“Rachel” by Angelina Weld Grimké premiered in New York in April 1917. When the show opened, it made history as the first play written by an African American author with an all-black cast to be performed before an integrated audience. Now, the play will be making its Philadelphia debut at the Quintessence Theatre Group in Mount Airy.
“Rachel” tells the story of an African-American family struggling to achieve liberty and happiness in a Northern city. The play’s eponymous protagonist, an ambitious high school graduate, tries to find a career and love in the face of systemic racism.
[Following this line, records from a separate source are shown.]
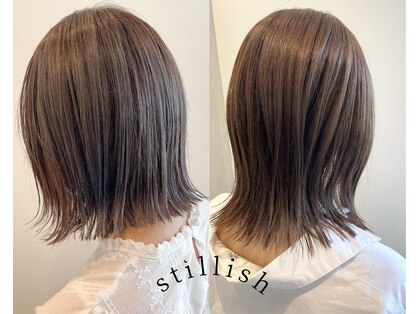 スティリッシュ(stillish)の写真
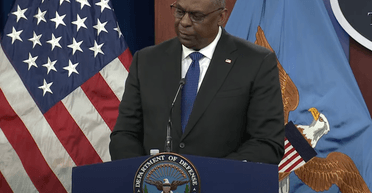 Посилення української ППО: Остін оголосив про створення нової коаліції союзників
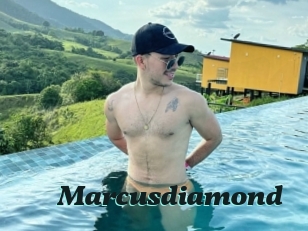 Marcusdiamond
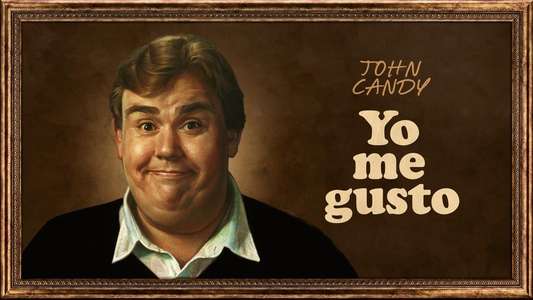 John Candy: I Like Me - Backdrops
Ultimately, Rachel rejects both the paths of motherhood and marriage.
Alexandra Espinoza, the director of Quintessence’s production of the show, described how the play reverberates today. “‘Rachel’ is a play that is both specific to its time and chillingly prescient for our current moment,” said Espinoza. “Angelina Weld Grimké was a black, queer woman who wrote this play in 1915 as a direct repudiation of the white supremacist propaganda film, ‘Birth of a Nation.'”
Angelina Weld Grimké came from a lineage of history-making women; she was the great niece of Angelina Grimké Weld (after whom she is named) and Sarah Moore Grimké, abolitionists involved in the American Antislavery Society.
“Rachel” opens at the Quintessence Theatre Group on January 29 and runs until February 23.